As everyone probably knows I couldn’t run at nationals. This is what I consider to be a bad situation–or as I said yesterday “life is a b**** sometimes”. I’m not denying this. I was/am really upset. No one who worked really hard for
a year2 years toward a goal(because I wasn’t able to race last year either) enjoys being on the receiving side of bad luck or Murphy’s law. I apologize for sulking, being mad, sad, upset, unreasonable, and miserable the past few days. Mother, I’m sorry that you think I hate you–I do not. I understand that you are probably just as angry at this situation as I am and that you probably want to “fix” it. I appreciate that but you can’t fix it no matter how hard you try–I wish you could. Let’s hope and pray someone can fix it. My life would be so much easier if I could just call my parents to fix things like when I was a child.

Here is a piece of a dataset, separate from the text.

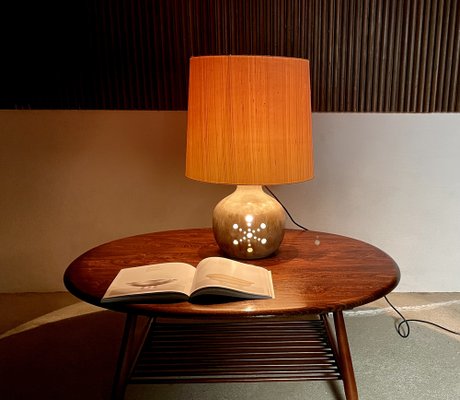 German Ceramic Table Lamp with Illuminated Lampstand from Hustadt Leuchten, 1960s-JP-1259345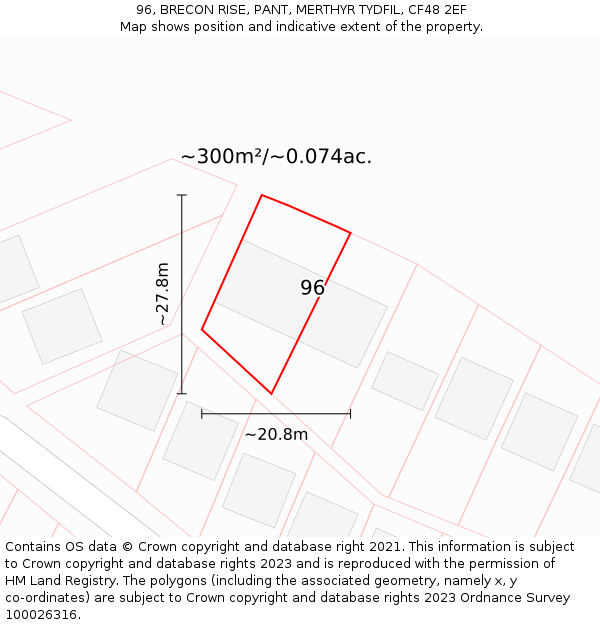 96, BRECON RISE, PANT, MERTHYR TYDFIL, CF48 2EF: Plot and title map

I’m tired of being upset about this. A wise man once said “It is what it is”. I didn’t run at nationals last year. I didn’t run at nationals this year. I can’t run at the moment. I can’t change any of these things. I can however look forward. Soooo……I’ll be 3x as prepared to run xc nationals next year since I haven’t ran xc nationals since 2012. And if for some unforeseen reason I can’t run the race next year then I’ll just be 4x as prepared in 2016. Don’t get me wrong–I am in no way happy about this. I’m simply trying to keep my glass half full. I also bought myself a gift today.
A cat necklace. Cats make me happy and I think I needed something to cheer me up and make me less upset that I could not race. This did help. Phil also helped. He knows how much I wanted to race, how hard I’ve worked, how many windy, cold, rainy, late night workouts I’ve done to prepare and he just let me talk about this for a good 45 minutes to an hour last night and simply just listened. I appreciate that. Sometimes people don’t need advice or solutions, they just need a person to rely on and listen to them. I’m lucky that I have Phil and that I have a lot of other supportive people in my life. I have great friends, a great family, and great teammates.
I can’t control this but I can control how I respond to it. Here is my response: somehow, someday, someway things will be better. Somehow, someday, someway I’ll run the race of my life at the right time. Somehow, someday, someway I will wake up feeling 100% healthy everyday thereafter.